El término se ha vuelto a poner en boga en días recientes, al aflorar de nuevo la vieja y nada disimulada ojeriza que le tienen los “progres” versión PAC a su propio diputado Welmer Ramos, el último sobreviviente del ala “fundadora”. La semana pasada le reiteraron la invitación a largarse, que llevan haciéndole desde que se atrevió al sacrilegio de no estar de acuerdo con los planteamientos específicos de esa tendencia (y que debemos presumir de acatamiento obligatorio, pues en algún momento le quisieron prohibir totalitariamente a Ramos incluso que siquiera expusiera los suyos).
¿Tendrán estos “progresistas” (o “progres”, para que se sientan más cool) la más remota idea de lo que realmente significa el “progresismo” como pensamiento sociopolítico, o se identifican con él simplemente por efecto de la moda imperante? ¿Es una corriente ideológica definida, o nada más una especie de término “sombrilla” que algunos eligen “porque les suena bonito” o porque no les gustan otros nombres más sinceros? Para saber la genuina respuesta, nada mejor que analizar los postulados del “progresismo” y confrontarlas con las actuaciones de la “progresía” local.
Un diccionario político muy básico nos definiría el progresismo como una doctrina que “propugna el avance político moderado hacia condiciones mejores en el gobierno y en la sociedad”. Revisando además los antecedentes históricos, encontramos que el progresismo comenzó a gestarse a fines del siglo 18, derivándose directamente del pensamiento republicano, y particularmente de dos de sus principios esenciales: la limitación del poder político, y la satisfacción del interés general de la ciudadanía. Los filósofos e intelectuales europeos comenzaron a plantear que los avances en la ciencia, la tecnología, el desarrollo económico y la organización social podían tener un papel esencial para mejorar las condiciones de vida de la Humanidad.

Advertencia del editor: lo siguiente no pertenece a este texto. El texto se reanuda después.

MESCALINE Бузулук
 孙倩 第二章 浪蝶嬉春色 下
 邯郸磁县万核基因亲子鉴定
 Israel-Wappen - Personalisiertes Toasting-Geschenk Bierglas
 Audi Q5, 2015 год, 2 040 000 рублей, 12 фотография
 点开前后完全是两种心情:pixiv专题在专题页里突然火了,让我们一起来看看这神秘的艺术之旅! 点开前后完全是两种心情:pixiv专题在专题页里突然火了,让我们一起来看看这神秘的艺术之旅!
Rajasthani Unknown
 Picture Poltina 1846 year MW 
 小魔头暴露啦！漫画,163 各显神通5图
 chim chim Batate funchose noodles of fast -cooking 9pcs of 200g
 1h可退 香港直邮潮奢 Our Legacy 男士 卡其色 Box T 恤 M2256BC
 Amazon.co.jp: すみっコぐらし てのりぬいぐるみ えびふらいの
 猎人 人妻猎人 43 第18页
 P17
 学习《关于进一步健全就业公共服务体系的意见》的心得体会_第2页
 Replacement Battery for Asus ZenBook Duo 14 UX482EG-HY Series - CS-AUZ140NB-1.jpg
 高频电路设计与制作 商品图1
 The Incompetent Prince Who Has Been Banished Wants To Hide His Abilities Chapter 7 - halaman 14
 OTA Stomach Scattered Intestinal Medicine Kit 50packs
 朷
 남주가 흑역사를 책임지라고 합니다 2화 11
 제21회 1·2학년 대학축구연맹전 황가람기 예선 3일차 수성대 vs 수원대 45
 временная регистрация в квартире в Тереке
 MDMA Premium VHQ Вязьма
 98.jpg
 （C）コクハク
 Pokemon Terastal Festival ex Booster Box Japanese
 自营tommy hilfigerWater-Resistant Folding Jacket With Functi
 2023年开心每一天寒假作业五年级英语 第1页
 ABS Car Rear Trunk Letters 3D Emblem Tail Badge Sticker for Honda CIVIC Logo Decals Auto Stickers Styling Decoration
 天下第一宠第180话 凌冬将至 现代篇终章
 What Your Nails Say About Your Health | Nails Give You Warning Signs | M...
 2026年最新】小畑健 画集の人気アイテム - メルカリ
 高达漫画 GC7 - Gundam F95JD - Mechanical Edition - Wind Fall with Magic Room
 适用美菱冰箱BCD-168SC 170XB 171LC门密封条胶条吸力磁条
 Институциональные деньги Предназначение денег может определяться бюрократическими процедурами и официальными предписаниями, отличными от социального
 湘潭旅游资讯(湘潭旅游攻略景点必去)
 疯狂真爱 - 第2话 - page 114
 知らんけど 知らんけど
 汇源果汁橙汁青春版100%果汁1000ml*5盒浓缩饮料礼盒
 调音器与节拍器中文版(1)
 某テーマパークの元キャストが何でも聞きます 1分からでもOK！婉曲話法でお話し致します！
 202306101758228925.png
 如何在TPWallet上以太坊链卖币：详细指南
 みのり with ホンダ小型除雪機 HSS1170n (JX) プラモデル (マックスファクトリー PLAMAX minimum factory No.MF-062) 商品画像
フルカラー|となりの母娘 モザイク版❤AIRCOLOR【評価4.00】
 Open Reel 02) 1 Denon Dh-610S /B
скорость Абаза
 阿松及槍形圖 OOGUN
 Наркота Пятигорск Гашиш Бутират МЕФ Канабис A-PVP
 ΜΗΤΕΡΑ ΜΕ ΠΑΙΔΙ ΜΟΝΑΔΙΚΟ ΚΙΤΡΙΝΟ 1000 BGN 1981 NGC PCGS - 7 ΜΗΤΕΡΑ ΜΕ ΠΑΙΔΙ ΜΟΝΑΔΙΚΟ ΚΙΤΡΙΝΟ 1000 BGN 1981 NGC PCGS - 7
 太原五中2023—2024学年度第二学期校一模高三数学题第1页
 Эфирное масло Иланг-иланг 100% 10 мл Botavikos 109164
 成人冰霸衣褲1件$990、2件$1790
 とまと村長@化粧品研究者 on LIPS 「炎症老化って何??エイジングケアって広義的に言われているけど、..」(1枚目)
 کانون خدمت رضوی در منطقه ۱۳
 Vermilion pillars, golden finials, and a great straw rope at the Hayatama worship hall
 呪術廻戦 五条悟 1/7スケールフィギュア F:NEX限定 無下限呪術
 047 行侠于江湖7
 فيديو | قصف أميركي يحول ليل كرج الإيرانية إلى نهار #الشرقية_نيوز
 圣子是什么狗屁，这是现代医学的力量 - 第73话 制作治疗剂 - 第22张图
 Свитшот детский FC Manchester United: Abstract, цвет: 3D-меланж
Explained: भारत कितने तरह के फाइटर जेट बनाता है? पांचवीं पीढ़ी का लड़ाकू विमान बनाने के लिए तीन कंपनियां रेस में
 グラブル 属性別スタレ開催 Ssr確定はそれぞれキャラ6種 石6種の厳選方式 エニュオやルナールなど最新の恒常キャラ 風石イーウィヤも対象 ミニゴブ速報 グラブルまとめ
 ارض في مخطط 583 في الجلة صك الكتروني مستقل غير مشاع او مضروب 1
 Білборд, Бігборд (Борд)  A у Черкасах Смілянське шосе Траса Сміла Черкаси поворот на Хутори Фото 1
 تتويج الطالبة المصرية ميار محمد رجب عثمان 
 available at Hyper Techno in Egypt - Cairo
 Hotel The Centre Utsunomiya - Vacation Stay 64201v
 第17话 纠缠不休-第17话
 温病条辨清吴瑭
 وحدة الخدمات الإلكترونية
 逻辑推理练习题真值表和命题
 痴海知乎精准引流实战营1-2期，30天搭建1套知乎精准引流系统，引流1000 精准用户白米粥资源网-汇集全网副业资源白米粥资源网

A pesar de su origen netamente republicano, estos planteamientos tuvieron impacto en algunos regímenes monárquicos: la Inglaterra de Disraeli, la Alemania de Bismarck, el Imperio Otomano en tiempos del movimiento “Joven Turquía”. Sin embargo, encontró su ambiente natural en los Estados Unidos, durante el largo predominio del Partido Republicano a finales del siglo 19 y principios del 20, alcanzando su pináculo durante la administración de Theodore Roosevelt (1901-1909). Los postulados esenciales del progresismo, desarrollados en este periodo, pueden resumirse en unos pocos puntos:
En lo social:
- Protección a la familia como base de la sociedad.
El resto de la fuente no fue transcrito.